I will assume that the “you” in this sentence is a generic “you” and not aimed at a specific poster, because you will recall that the use of insults, even by means of an icon, is prohibited in Great Debates.

This hot topic thread has made it this far without falling into a personal pissing match. Please make sure that it stays at that higher level of discussion.

[ /Moderator Mode ]

This is utter nonsense. The reason Geraldo was there and doing what he was doing is because it was his job to be there…. He was sent there by his employer to do specifically what he was doing.

If I, you, Bush or anyone who wasn’t a pathological monster would have been there talking to that mother I/you/they would have reacted the same way Geraldo did.

This whole disaster would have been significantly alleviated if the Mayor would have executed an effective evacuation and shelter plan; the Governor would have sent in the troops and given the Red Cross entry permission; And FEMA would have done what they were suppose to do.

Probably a chain of events that the bureaucracies couldn’t have pulled off in a billion years whether NO was populated by a herd of cocker spaniels or by a tribe of white millionaires.

Bush didn’t act that way, that’s the thing. We didn’t see him get teary-eyed. We didn’t see him slam his fist down on his desk in anger or frustration or resolve about the mess. No, his first soundbite about the whole thing was when he scolded the looters about “personal responsibility”. Ha! Imagine him giving anyone a goddamn lesson on personal responsibility.

No, when millions of Americans turned on the tube and saw their fellow Americans metaphorically and literally drowning, we got misty-eyed at first. Then we got angry. Bush couldn’t bring himself to fake it for us. He didn’t know how to decently respond until the nation criticized him first. He takes his cue from polls, from the press, from his handlers.

And this jerk is our leader.

Blame is not a zero-sum game. I can blame FEMA and Bush for their screw-ups while simultaneously blaming the mayor and the governor for theirs. But you see, the thing you Bush apologists keep forgetting (or maybe you don’t): Bush is accountable to all of us. My taxes do not pay the governor of Louisiana or the mayor of New Orleans. But they do pay for the DoHS and FEMA. They pay Bush’s salary. Therefore, most of my ire is directed at these folks. They are accountable to ME. They were supposed to be running shit and failed.

This was a national disaster in more ways than just one.

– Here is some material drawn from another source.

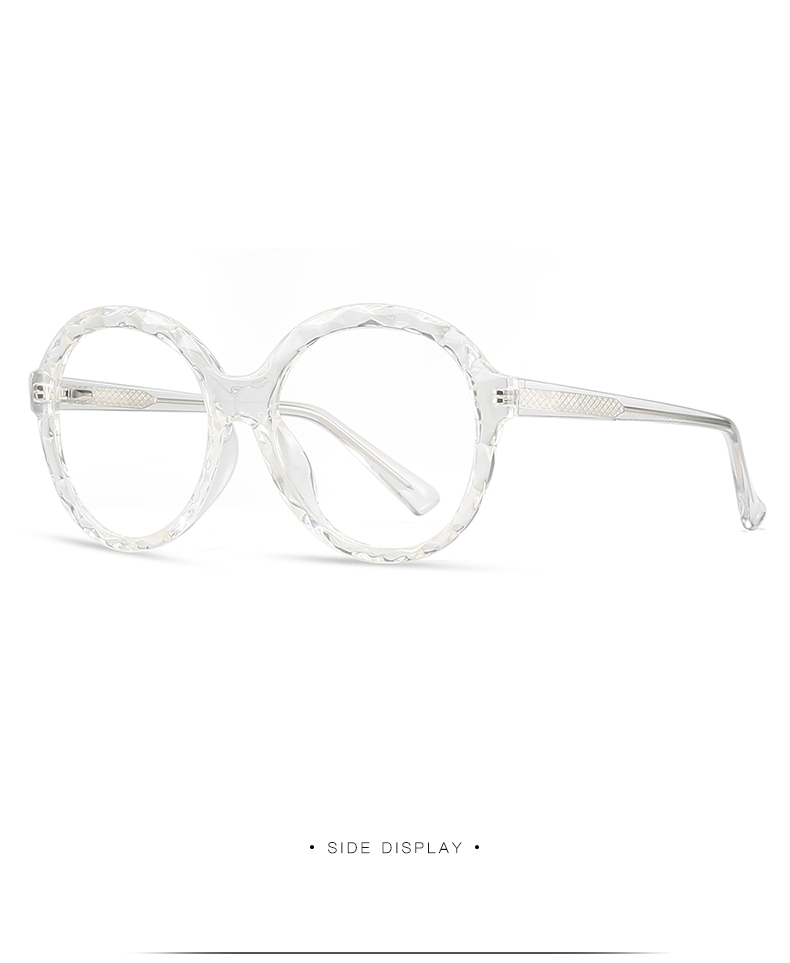 Tikool Lethe Serenity Glasses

It’s fine and dandy to say that it doesn’t matter who was involved, the results would have turned out the same. And yet I don’t buy it. Hurricane after hurricane struck Florida last year and help arrived in a timely fashion. Hurricanes just as bad as Katrina have hit before and help arrived in a timely fashion. But that’s not really what pisses me off. What pisses me off is how Bush responded on an emotional level. Even the worst mistakes can be forgiven if an apology seems sincere enough. But the American people have been issued no apology, no admission of failure…only high-pitched assurances that everything happened as well as we could expect them to.

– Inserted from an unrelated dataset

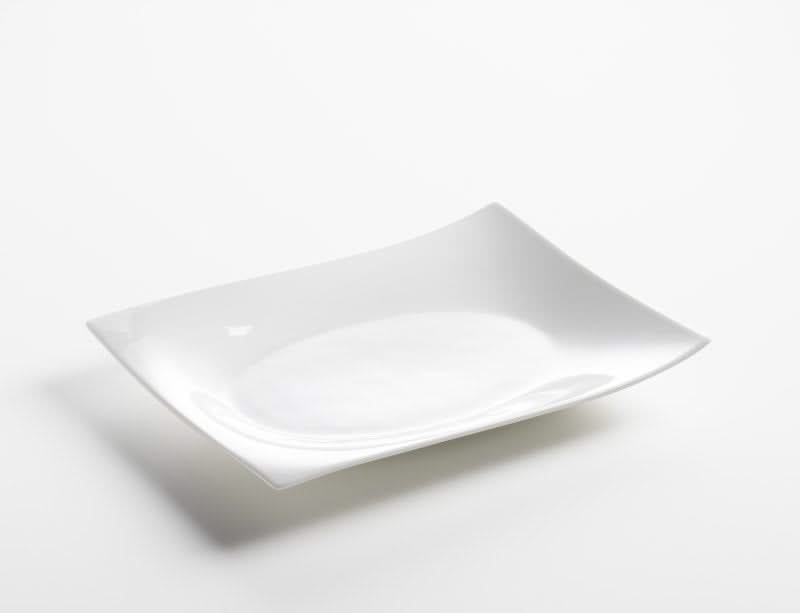 Maxwell & Williams Serving Dish Motion 30 x 22 cm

This is a fucking lie and you know it.

Not to invalidate your feelings, but this behavior is typical of Bush no matter what the situation. Any time he screws up, on anything, first he’ll deny responsibility, then, when pushed into a corner, and forced to admit that things have gone wrong, he simply has the attitude of “Oh well, shit happens, life goes on.” This attitude isn’t simply towards blacks, it’s pretty much towards everyone. And the reason FEMA failed is because it’s run by an incompetent, who padded his resume. Again, Bush’s fault, but I don’t think it’s racism.

Hell, look at his responce durring 9/11. A lot of white, wealthy business men must have gotten killed, and he still took his time responding to the situation.

I understand and that “you” IS a generic “you”. I try at all means to reframe from insults.

I speak so bluntly because, I am a paramedic for an ambulance service based in Lafayette, LA., and I was there in NOLA for the first four days post Katrina. I agree that the thousands lost, killed, injured and emotionally scared should have had a proper way out and that the mayor should have used his knowledge to help the people of NOLA. When I was there it was crazy, and continues to be crazy as this ill prepared disaster evacuation/response continues to claim more people’s lives and humanity. Although people were turned back and shelters destroyed, the black community was not the only group turned back. This lawless act did not happen only to the black community. While I was at the Super Dome, I witnessed blacks helping whites and whites helping blacks and that is the way it should be. I have seen a lot of stuff in my 14 years in emergency care, but this disaster tops it all. I care for everyone that needs help; I do not care about race, political status or class. Therefore, I feel the mayor should be held accountable, but did he do it because he didn’t like the black community, I would have to say no.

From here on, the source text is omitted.